By the results reported in Table 2, we notice that our algorithm is able to solve very efficiently instances with ten activities for different values of K as it happens for instances comprised in TEST SET 1. The running times, as expected, tend to increase rapidly as n grows: experimental records say that 90 % of the 120 instances with 20 activities have been solved optimally with an average CPU time of 2230 s; while 45 % of the 120 instances with 30 activities were optimally solved within an average time of 6138 s. These numbers appear to be comparable with the tree-based approach proposed in Gather et al. (2011) for the total overload cost problem without variable intensities and flexible durations, where all the instances with ten activities have been solved at the optimum within negligible computing times, and 87 % of the instances with 20 activities have been solved at the optimum with an average CPU time of 2184 s on an Intel Quad Core PC. Tests on 30 activity instances have not been reported.

Looking at the results obtained by solving the mathematical formulation \(\mathcal {F}\) on the same instances by means of the commercial solver CPLEX (see the last two columns of Table 2), all the 120 instances with ten activities have been optimally solved, as for our algorithm, with computing times significantly larger since they raise from an average of less than 1 s used by our approach to an average of 91 s. Moreover, when instances with 20 activities are considered, computing times grow from an average of 2230 s to an average of 5411 s, and the number of optimally solved instances reduces from 108 (90 %) to 87 (72.5 %). Finally, tests on instances with 30 activities show that CPLEX is able to optimally solve 37 instances, as opposed to the 54 solved by our algorithm, with an average computing time of 7916 s compared to the 6138 s used by our algorithm.

Table 3 reports values on average minimum and maximum \(\Delta x\) values and durations. The results, as those discussed by means of charts for TEST SET 1, suggest that the proposed model is capable of exploiting its features. Indeed, to have a better idea of the gain produced by using the proposed model we made a further test, similarly to what done for TEST SET 1, with \(p^{\min }_i=p^{\max }_i\) and fixed execution intensities equal to \(\frac{1}{p^{\min }_i}=\frac{1}{p^{\max }_i}\). The results, reported in Table 4, show that for instances with ten activities the average objective values are, on average, 12 % larger, for instances with 20 activities this gap increases to 18 %, and, for instances with 30 activities it reaches 37 %.

Table 4 TEST SET 2: average AOV for instances with \(p^{\min }_i=\lceil 0.75\cdot p^{\max }_i \rceil \) (AOV \(_{\mathrm{diff}}\)) and \(p^{\min }_i=p^{\max }_i\) (AOV \(_{\mathrm{eq}}\))

6 Conclusions

In this paper, we studied the problem of levelling resources in a project (focusing on the total overload cost version) with generalized precedence relationships, given a deadline for the completion of all the activities and variable execution intensity and duration of the activities.
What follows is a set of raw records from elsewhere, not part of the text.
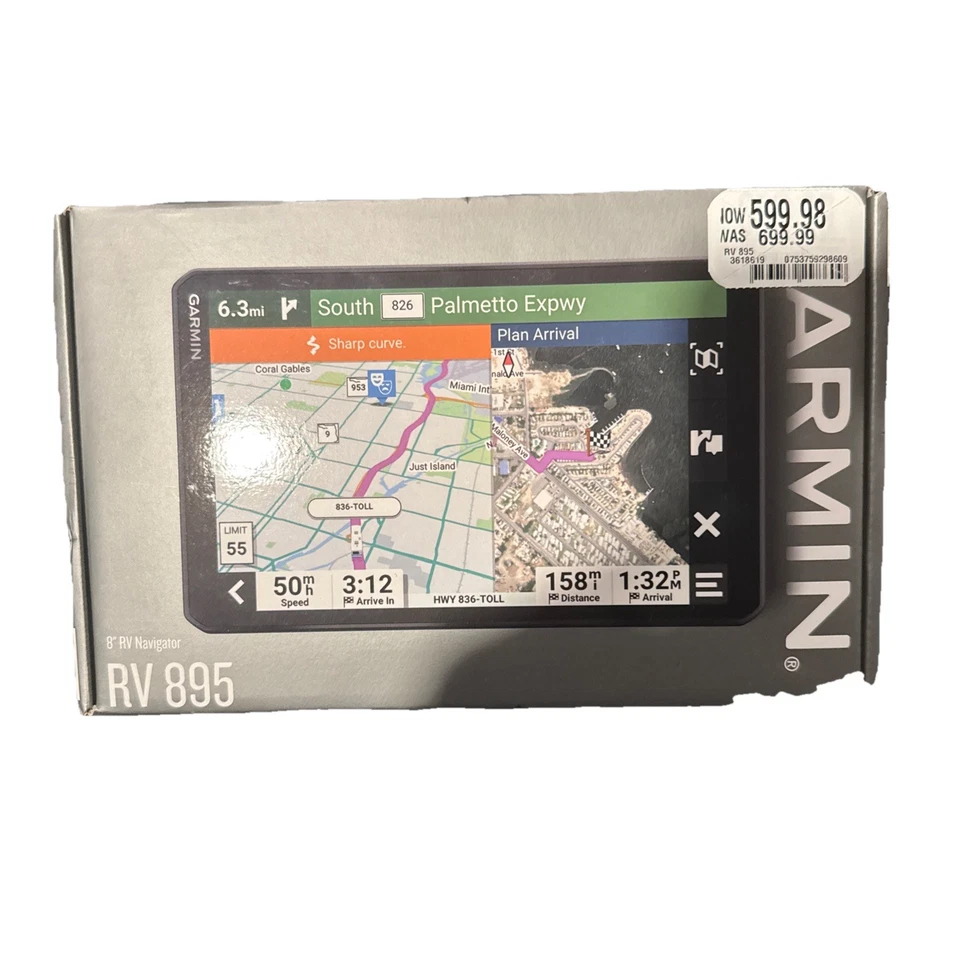 Garmin RV 895 GPS Navigator Large Easy-to-Read 8in in Landscape or Portrait Mode - Image 1 of 1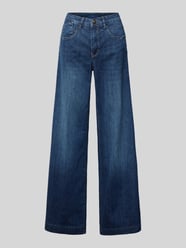 Wide Leg Jeans im 5-Pocket-Design von MAC Blau - 16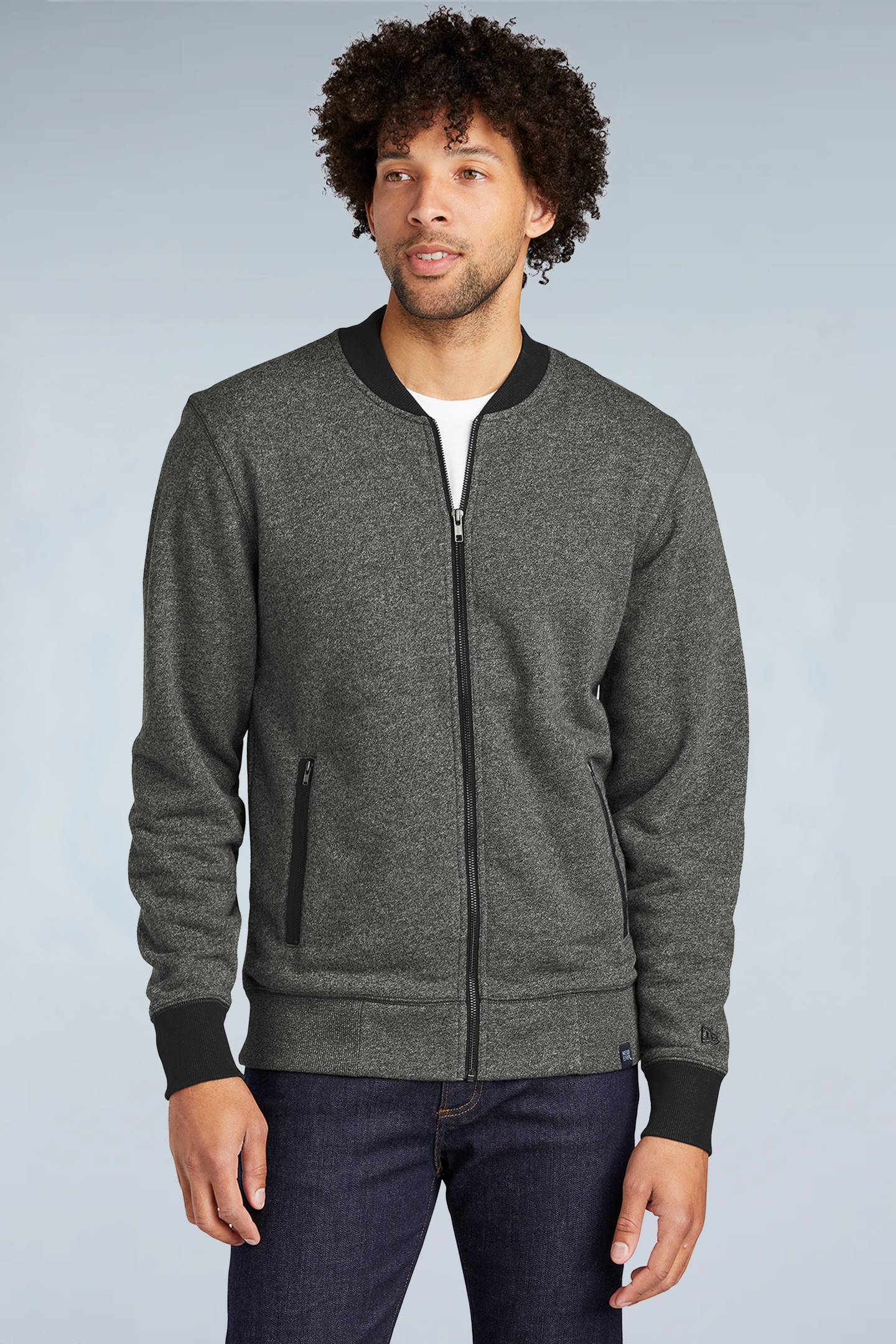 NEA503 New Era® French Terry Baseball Full-Zip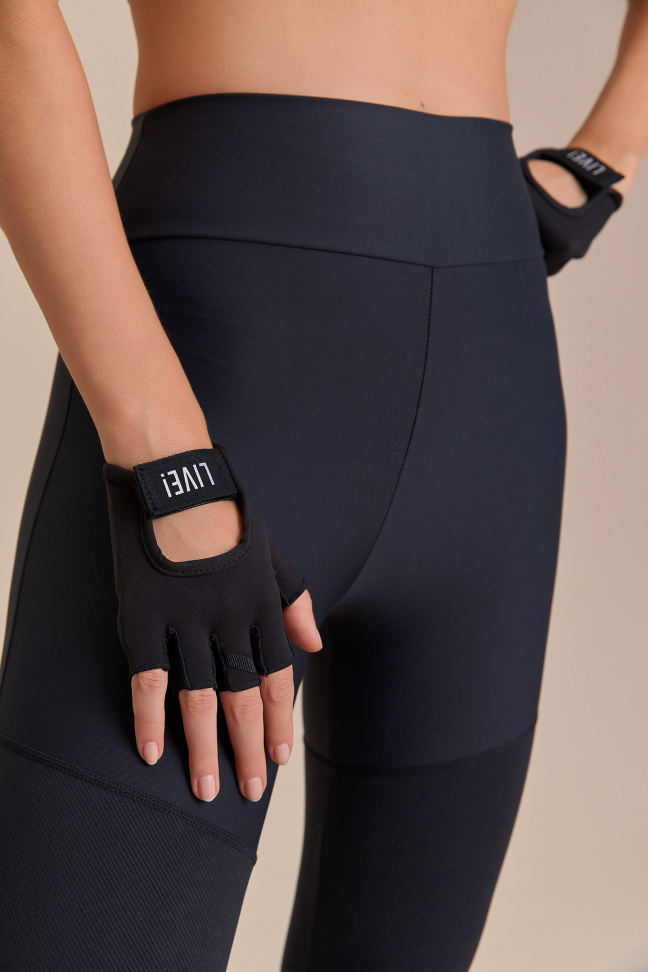 Luva Sportif Silicone Unissex Preta LIVE! - #4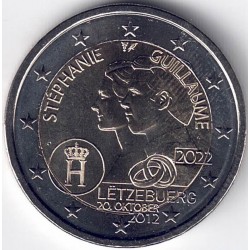 2 EUROS LUXEMBURGO 2022-BODA-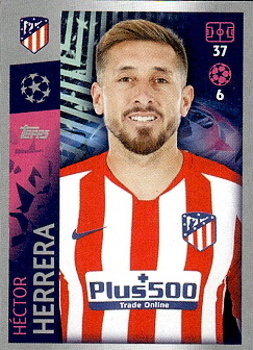 Hector Herrera Atletico Madrid samolepka UEFA Champions League 2019/20 #32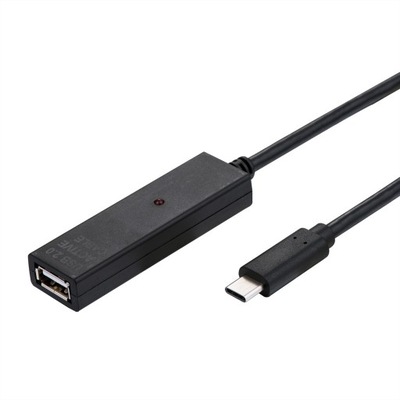 Kabel przedłużacz USB 2.0 A - C aktywny repeater czarny 20m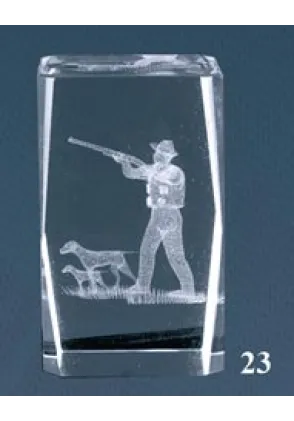 3D-Kristall-Trophäe Jagd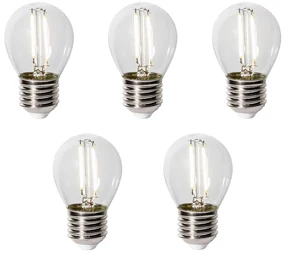 Zestaw 5 E27 LED lamp P45 Sensor LUX 3W 250 lm 3000K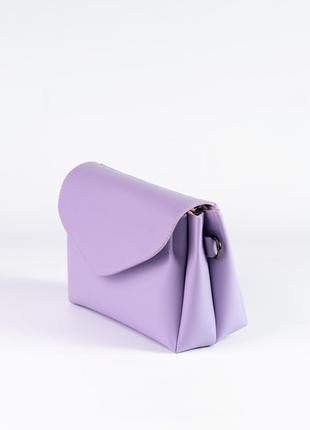 Жіноча сумка лавандова сумка сумочка через плече лавандовий клатч міні сумка міні клатч кросбоді2 фото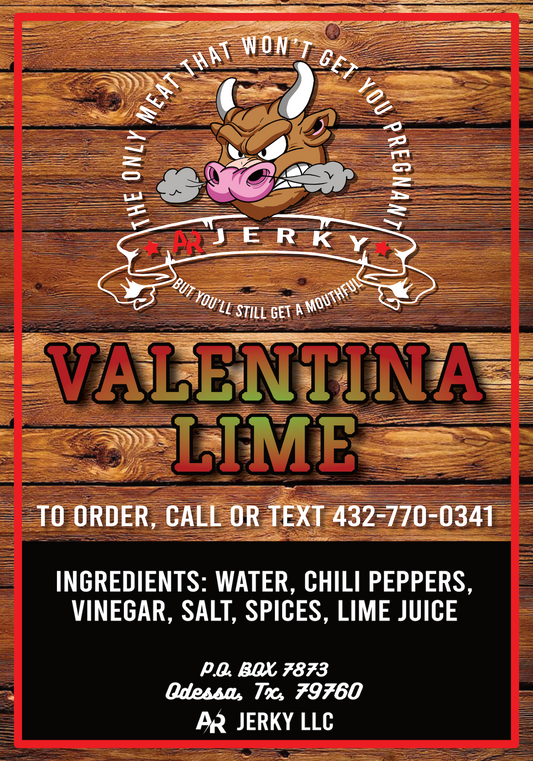 Valentina Lime Flavor Beef Jerky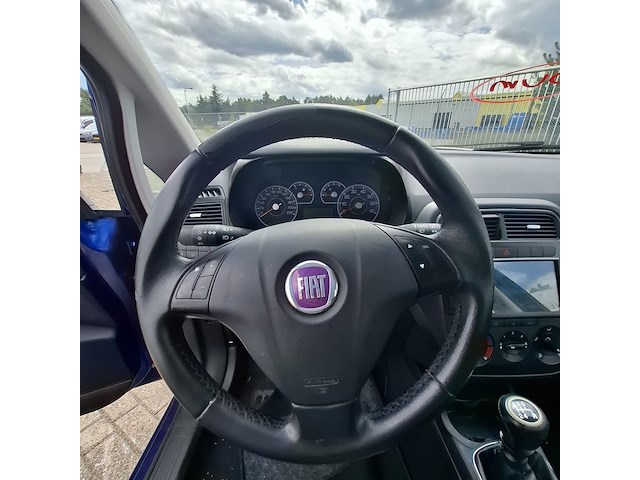 Personenauto fiat, grande punto 1.4, blauw, bouwjaar 2008 - afbeelding 6 van  50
To the best of our knowledge, generalized precedence relationships and variable intensity execution and duration have not been dealt with together. For this novel problem we proposed a mixed-integer linear programming formulation, a lower bound based on Lagrangian relaxation, and a branch and bound algorithm. Computational results on known benchmarks were provided and highlighted how the proposed model is able to manage all the considered ingredients in such a way that produces promising solutions.